• [AIM OF THE TASK] Your copy of the listing must be exact and must hold no images.

────────────────────

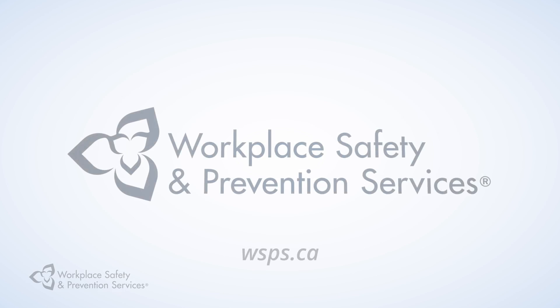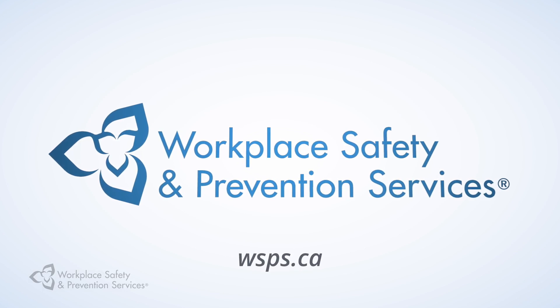Don't let this happen to you. Make sure your steel racking is installed properly and always maintained. The safety of your workers depends on it. I'm Norm Kramer and this has been your health and safety tip from Workplace Safety and Prevention Services. For more information, visit wsps.ca.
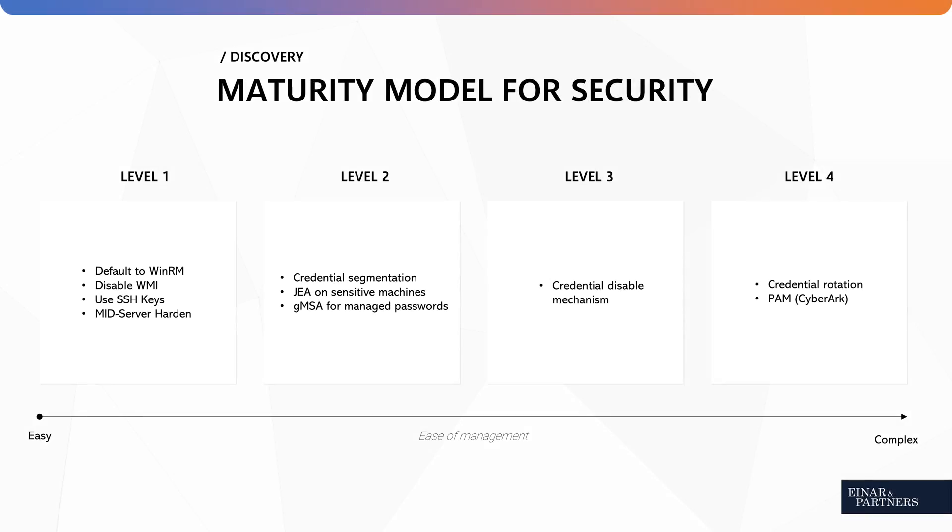If we now look at our security maturity model, from one — the least complex — to four — the most complex to build and maintain — GMSA ranks right around level two with GEA. Quick side note: we have not tested it yet, but nothing is technically preventing GEA from working together with GMSA. We will find out, so stay tuned on any of our social media channels.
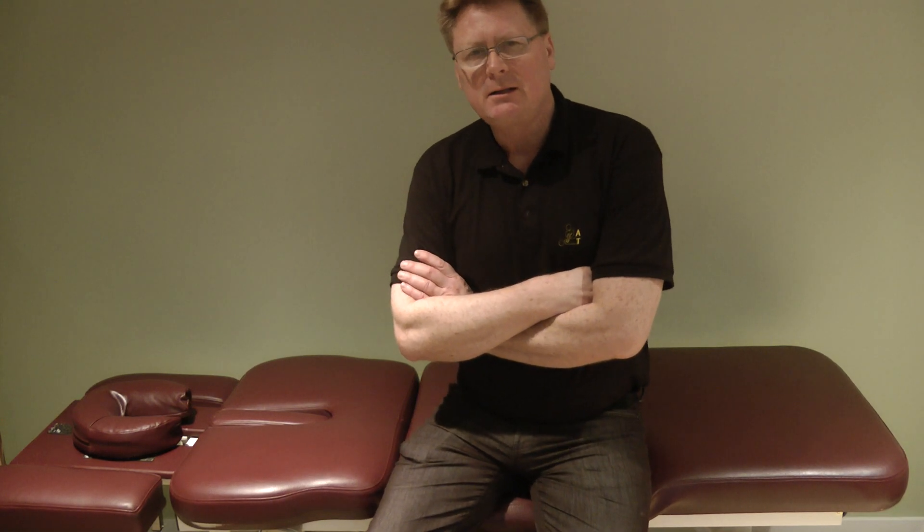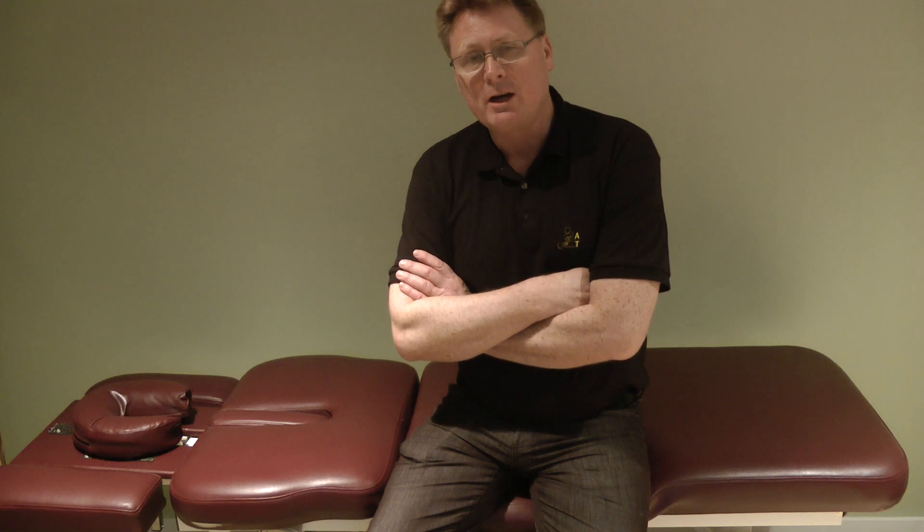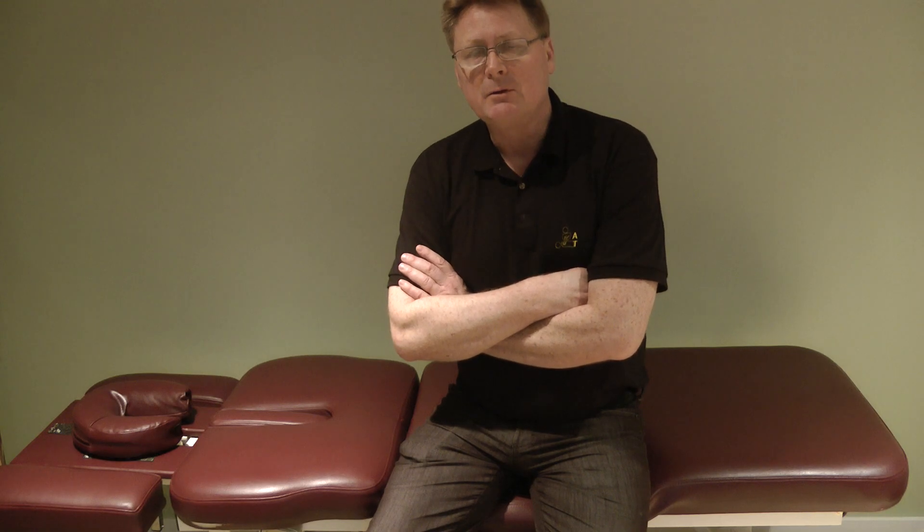Hello everyone, my name is Mike Dixon. I'm a registered massage therapist, and welcome to my YouTube channel. I'm reaching out to you today because I've put together an assessment course for a registered massage therapist, or a massage therapist alike, and I'm inviting you to attend this course.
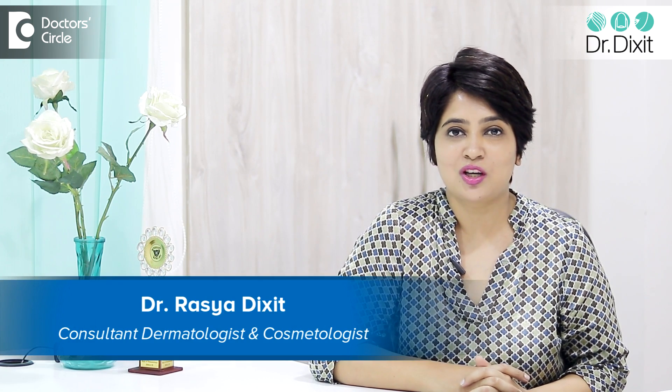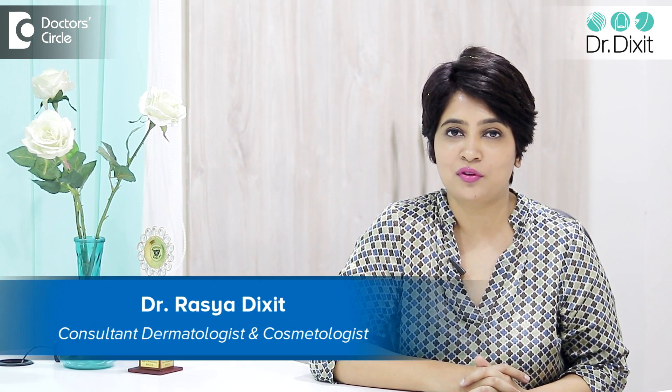Hi, I'm Dr. Rasya Dixit. I'm a dermatologist practicing in Bangalore from the last 15 years.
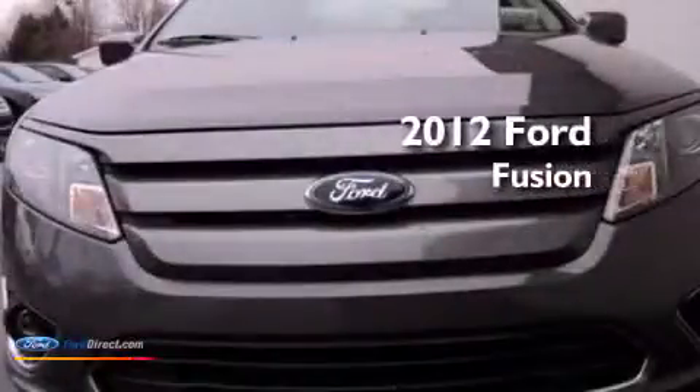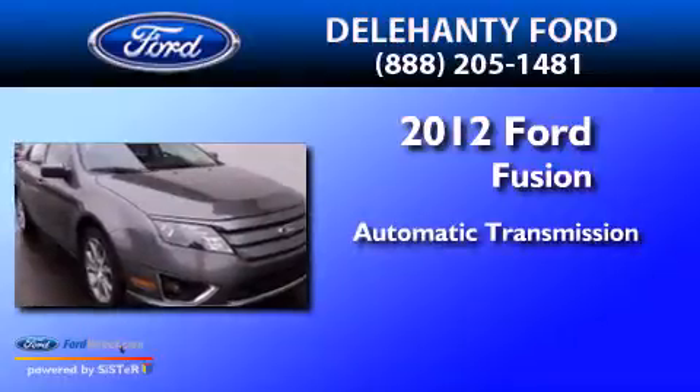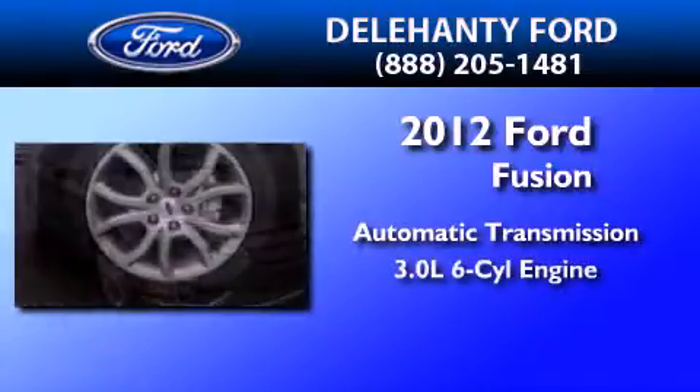This is a 2012 Ford Fusion. This four-door sedan has an automatic transmission and a 3.0-liter V6.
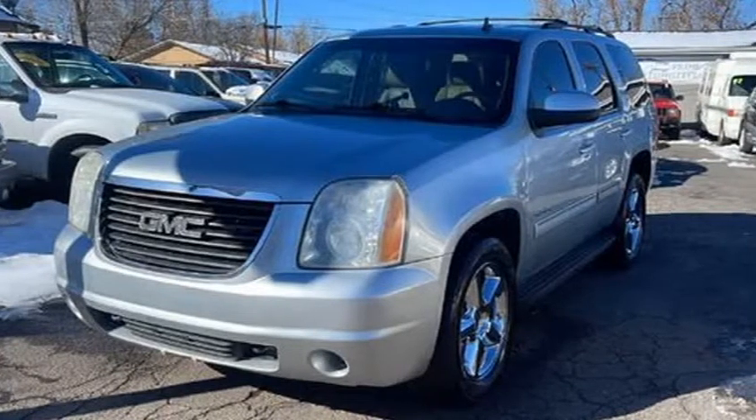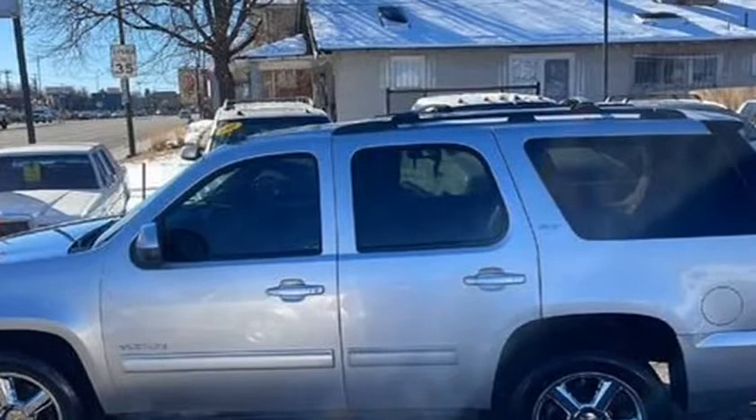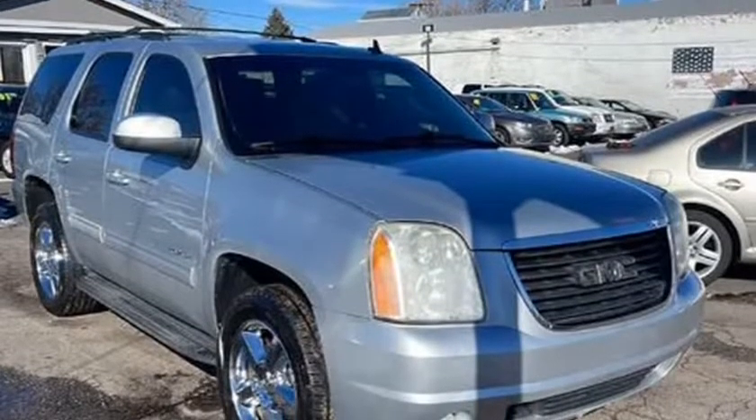This 2012 GMC Yukon is brought to you by Prime Automotive. 2012 GMC Yukon SLT, 5.3-cylinder V8 Flex Fuel, for export.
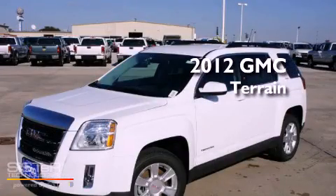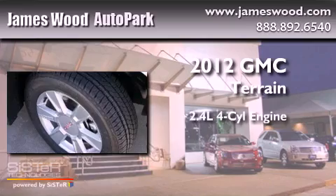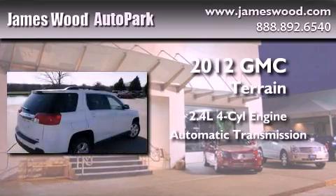This is a brand new 2012 GMC Terrain. It has a 2.4 liter 4-cylinder engine and an automatic transmission.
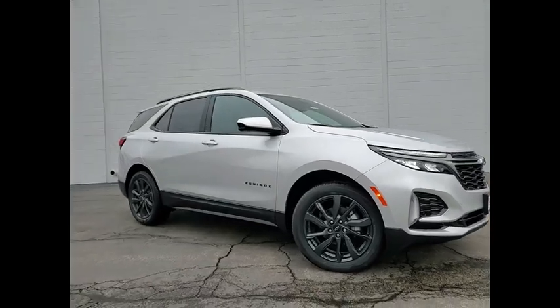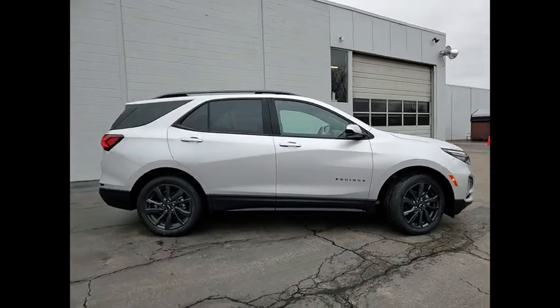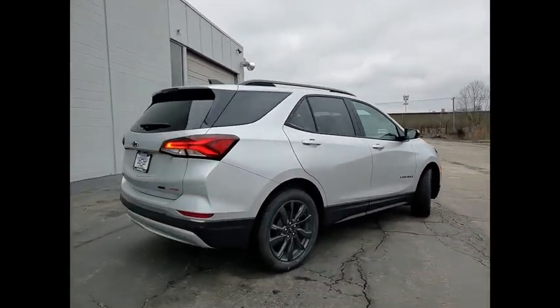Stop by and take a look at the 2022 Equinox. Fuel efficiency, safety, and value equals the Chevy Equinox.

────────────────────

• [EXPECTED ANSWER]
Don't let this happen to you. Make sure your steel racking is installed properly and always maintained. The safety of your workers depends on it. I'm Norm Kramer and this has been your health and safety tip from Workplace Safety and Prevention Services. For more information, visit wsps.ca.
If we now look at our security maturity model, from one — the least complex — to four — the most complex to build and maintain — GMSA ranks right around level two with GEA. Quick side note: we have not tested it yet, but nothing is technically preventing GEA from working together with GMSA. We will find out, so stay tuned on any of our social media channels.
Hello everyone, my name is Mike Dixon. I'm a registered massage therapist, and welcome to my YouTube channel. I'm reaching out to you today because I've put together an assessment course for a registered massage therapist, or a massage therapist alike, and I'm inviting you to attend this course.
Hi, I'm Dr. Rasya Dixit. I'm a dermatologist practicing in Bangalore from the last 15 years.
This is a 2012 Ford Fusion. This four-door sedan has an automatic transmission and a 3.0-liter V6.
This 2012 GMC Yukon is brought to you by Prime Automotive. 2012 GMC Yukon SLT, 5.3-cylinder V8 Flex Fuel, for export.
This is a brand new 2012 GMC Terrain. It has a 2.4 liter 4-cylinder engine and an automatic transmission.
Stop by and take a look at the 2022 Equinox. Fuel efficiency, safety, and value equals the Chevy Equinox.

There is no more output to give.